Appscan is a professional vulnerability scanning and security assessment tool primarily used to help businesses evaluate and discover security vulnerabilities and risks in their websites and applications. Appscan has powerful features and rich characteristics, making it the preferred tool for many organizations and security professionals.
The main functions of Appscan include vulnerability scanning, security auditing, and risk assessment. It can automatically scan websites and applications, detect common security vulnerabilities such as cross site scripting attacks (XSS), SQL injection, cross site request forgery (CSRF), etc. In addition, Appscan also provides advanced vulnerability detection and customization options, allowing users to conduct in-depth security testing and evaluation based on their own needs.
Appscan also provides visual vulnerability reports and recommended remediation measures to help users fully understand the security status of websites and applications, and provide corresponding remediation recommendations. It also supports collaboration with development and security teams to facilitate rapid vulnerability fixes and the implementation of security measures.
Appscan is widely used in various industries, including finance, e-commerce, healthcare, government agencies, and more. It helps businesses protect their websites and applications from hackers and malicious attacks, enhance overall network security, and protect users' privacy information.

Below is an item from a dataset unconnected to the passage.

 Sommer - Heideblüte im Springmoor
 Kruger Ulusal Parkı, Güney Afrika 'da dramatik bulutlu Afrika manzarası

Main functional indicators of Appscan:
1. Provide a comprehensive vulnerability rule library that covers various mainstream attack techniques and methods defined by the two major web security standard organizations, WASC and OWASP, including but not limited to: Brute Force、Insufficient Authentication、Credential/Session Prediction、Insufficient Authorization、Insufficient Session Expiration、Session Fixation、Content Spoofing、Cross-site Scripting、Buffer Overflow、Format String Attack、LDAP Injection、OS Commanding、SQL Injection、SSI Injection、XPath Injection、Directory Indexing、Information Leakage、Path Traversal、Predictable Resource Location、Abuse of Functionality、Denial of Service、Insufficient Process Validation Among the attack techniques and methods, Cross Site scripting can detect at least 20 variants; For SQL Injection, it can detect at least 40 variants;
2. Support online and manual upgrading of scanning rule libraries, custom rules, as well as importing and exporting rules;
3. Support web application technologies such as Javascript, HTTPS, and authentication to ensure the integrity of discovered URLs;
4. Support discovering URLs from Flash, PDF, Office and other types of documents and conducting security testing;
5. Ability to test sequential business logic, such as opening new accounts and making online purchases;
6. Support scanning for security vulnerabilities in web service application systems and come with built-in web service discovery tools;
7. Support common web authentication methods (forms, captcha, SAML, etc.);
8. Support HTML crawlers and SSL;
9. Support users to edit reports, provide assistance to development and quality management personnel in fixing security vulnerabilities, and add custom comments or detailed information.
10. Support "glass box" scanning technology, which not only receives scanning responses from applications, but also monitors internal responses of web servers;
11. Support vulnerability scanning for web applications suitable for mobile browser client browsing, which can simulate at least the following types of mobile device browsers: Chrome, Opera, Safari, Google Android, Blackberry, IE Mobile.